*TASK*:
The result should be the listing below, restated exactly, with its pictures left out.

*DATASET ENTRIES*:

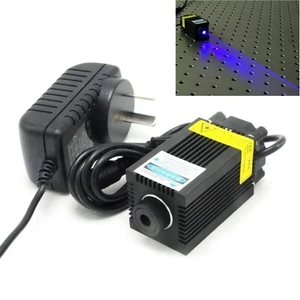 Carving Burning 450nm 1W Blue Laser Engraving 1000mW Focusable Dot Diode Module - Picture 1 of 5
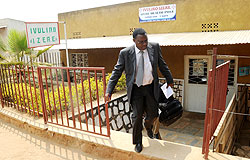 MoH has mounted a countrywide crackdown on bogus clinics  countrywide The New Times File.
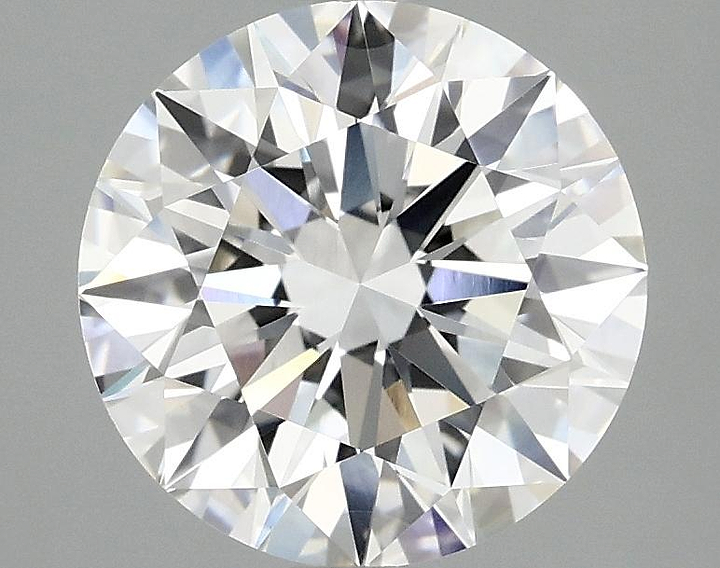 2.91 Carat Round Shaped Ideal Cut VVS2 IGI Certified Lab Grown Diamond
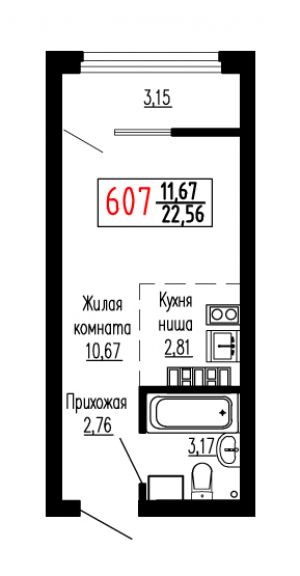 Студия №607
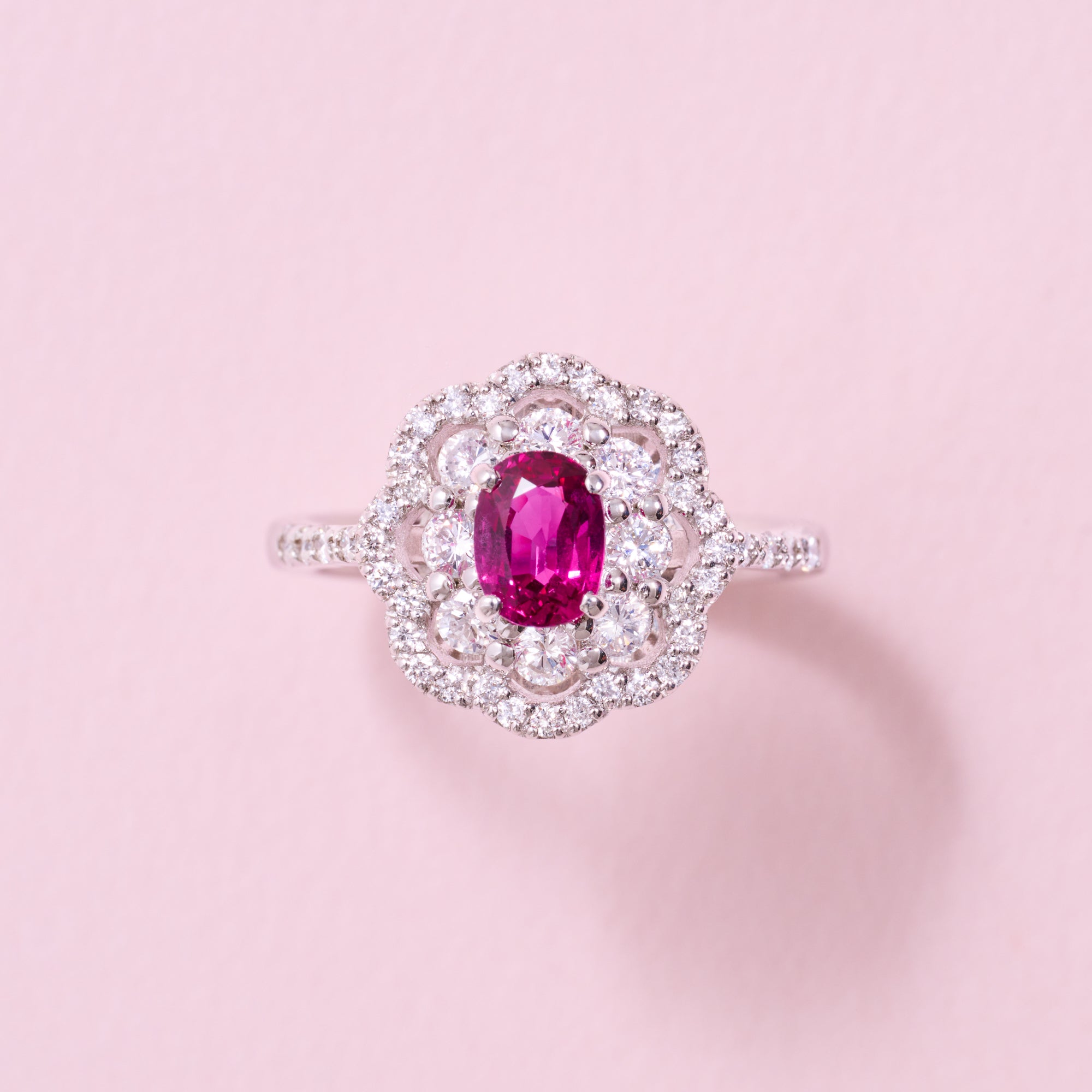 たまご ダリアリング RB｜A Jewelry Box 公式通販サイト
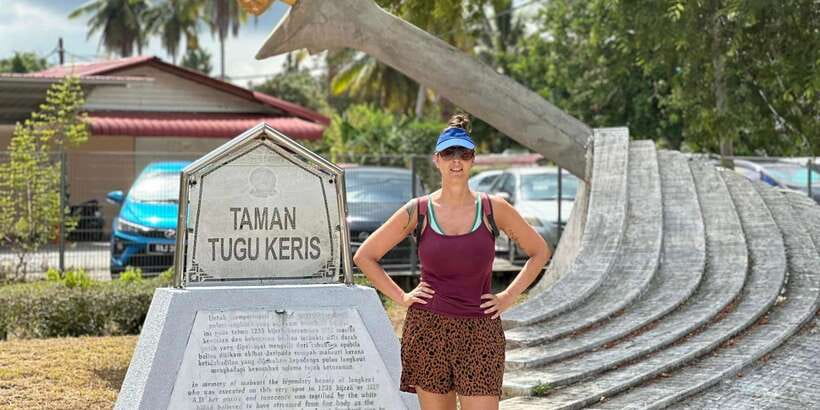 Langkawi Cycling Culture half day Tour - A local meal and useful fuel for the ride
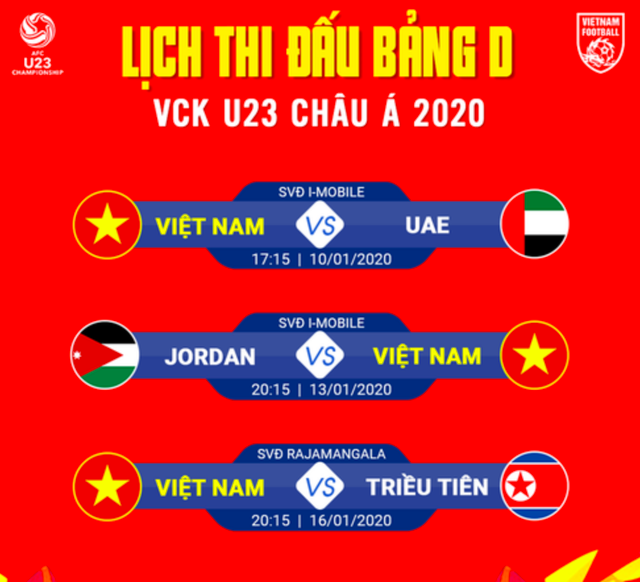 U23 Việt Nam 0-0 U23 UAE (Hết hiệp 1): Thế trận căng thẳng - 48
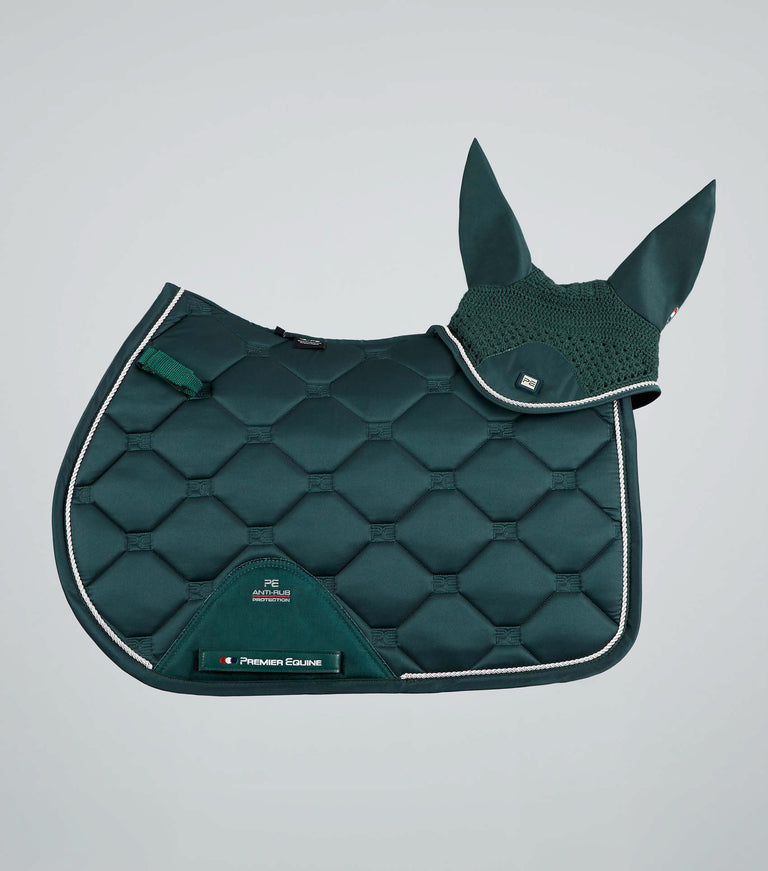 Premier Equine Salto Fly Veil / Ear Bonnet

*THE ANSWER*:
 Carving Burning 450nm 1W Blue Laser Engraving 1000mW Focusable Dot Diode Module - Picture 1 of 5
 MoH has mounted a countrywide crackdown on bogus clinics  countrywide The New Times File.
 2.91 Carat Round Shaped Ideal Cut VVS2 IGI Certified Lab Grown Diamond
 Студия №607
 たまご ダリアリング RB｜A Jewelry Box 公式通販サイト
 Langkawi Cycling Culture half day Tour - A local meal and useful fuel for the ride
 U23 Việt Nam 0-0 U23 UAE (Hết hiệp 1): Thế trận căng thẳng - 48
 Premier Equine Salto Fly Veil / Ear Bonnet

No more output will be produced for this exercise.